A specific note in the introduction argues that we need the suggested change
'for the long-term health and scalability of the public routing
infrastructure' without any reference to the impact that multiplicative
expansion and fragmenting the smaller public allocations would have. It
should be clear that by following this suggestion the potential to seriously
expand the size of and number of fragments in the public routing system far
exceeds any value that would be gained from the self stated 'more
conservative approach'. In the public RIR discussions there has not been a
clear consensus. The suggested conservation is misguided as the bits will be
wasted by replacement of the protocol which will occur for other than
depletion reasons long before we hit the 500 year mark. It uses the argument
of 'waste' by looking at the current end user deployment models rather than
recognizing that by opening up the space new deployment options become
available. This effort essentially amounts to an attempt to exercise control
over what end users are allowed to do by making them beg for each increment
of an abundant resource. 

This document argues that the goals 'could' be met in other ways, but does
not justify why they 'need' to be, or even show an assurance that they
'would' be. In fact it recognizes that renumbering subnets is still a
serious problem, then suggests in 4.1 that it is no big deal to just limit
the network topology to the assumed smaller allocation that would be the
result of this document. There is no discussion about the fragmentation that
would occur when a network outgrows its original space and would rather push
complexity into the global routing system rather than renumber. 

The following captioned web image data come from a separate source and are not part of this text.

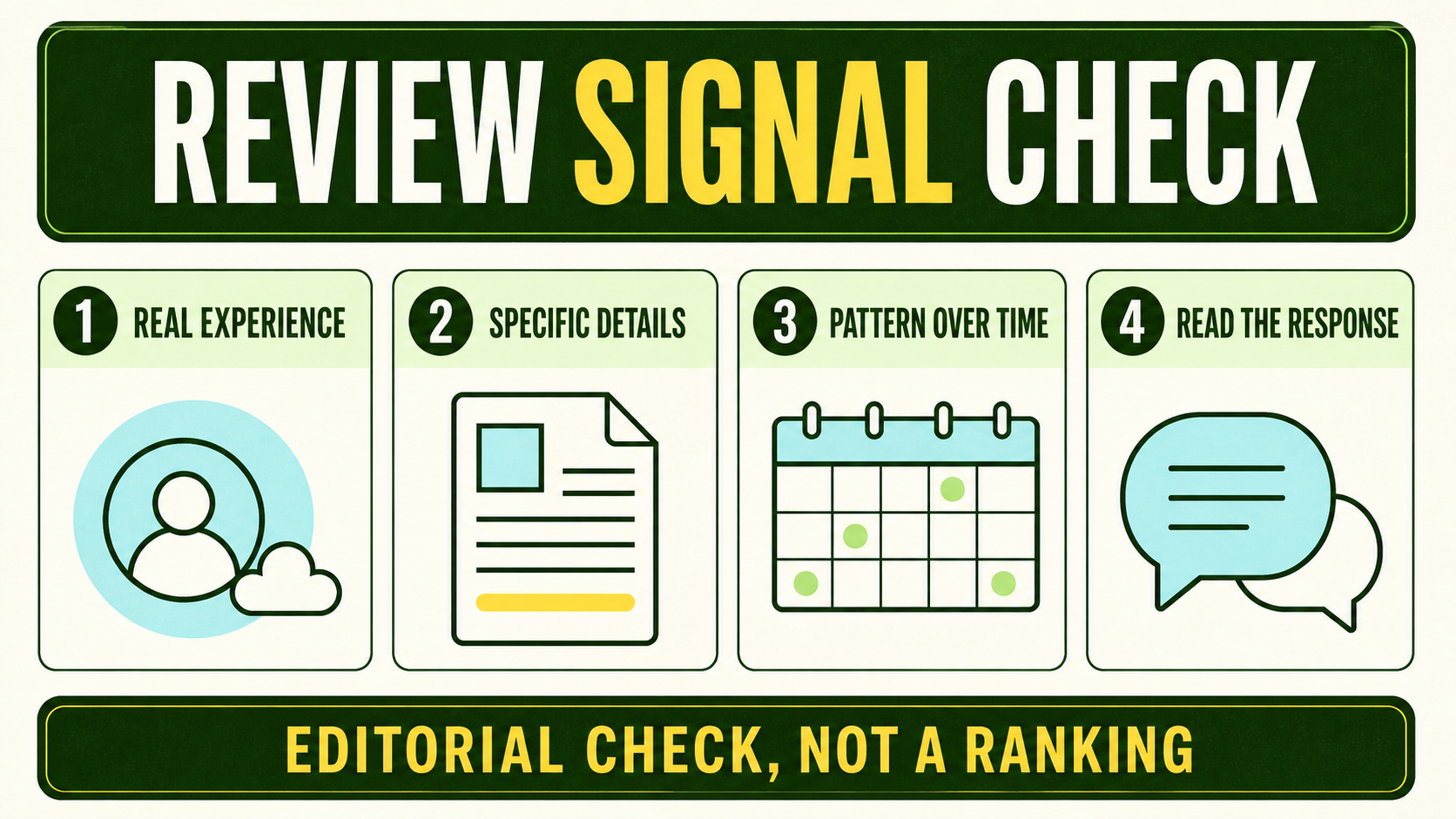 Infographic showing four review checks: real experience, specific details, pattern over time and the provider response
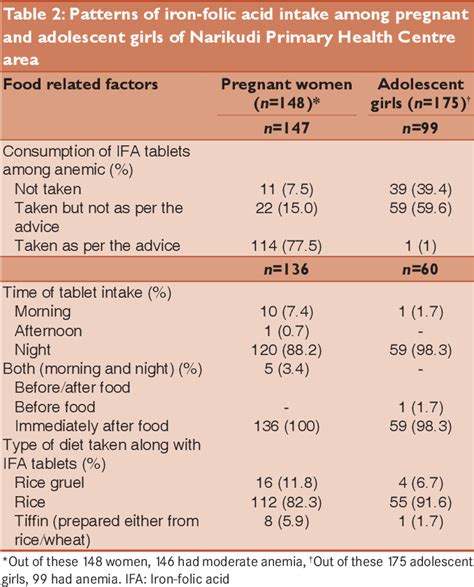 Compliance And Patterns Of Iron Folic Acid Intake Among Adolescent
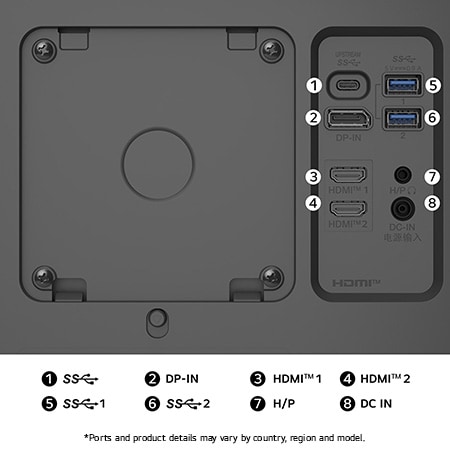 Rear view of the LG Monitor 27U730A in a dark finish, illustrating the port specifications including USB-C Upstream, DP-IN, dual HDMI™ ports, and dual USB-A connections.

In section 2 it mentions that multiple prefix management is an issue,
suggesting that they all be the same length to reduce complexity, but there
is no discussion on how that would occur if providers choose arbitrary
allocation sizes. There appears to be an implied 'trust me' that it will all
work out and be possible for sites to get the same prefix lengths from
different providers. 

Also in section 2 it mentions in passing that the PTR tree is something to
consider, but does not spell out that managing that zone file across
multiple parties would be problematic and therefore recommend that forward
and reverse delegations be done on a nibble basis. It does provide more at
the very end of the summary, but still does not provide guidance on what
issues need 'adequate consideration'.

Referencing Multi6 & Shim6 seem out of place given that one produced nothing
and the other is producing something that is not deployable in real networks
where firewalls will kill the connections when the locators are changed. 

The entire effort is misguided in that 3177 is a recommendation based on
architectural balance, while this document is nothing more than ambiguous
FUD intended to shift parceling control from the end site network to the
ISP/RIR. It is presented under the guise of conservation in the routing
system simply to give cover to those that want to deviate from 3177, though
in fact it effectively balloons the routing system through fragmentation
spread over even more bits. There is no hard and fast boundary, and 3177
makes itself very clear that it is just a recommendation. If the RIRs want
to establish a different policy they can, though there is no architectural
justification for it.

RFC 3177 could use a tune-up, but it is not clear if opening the document is
worth the effort. The one thing that is clear is that this document is not a
replacement for it in any sense of the word.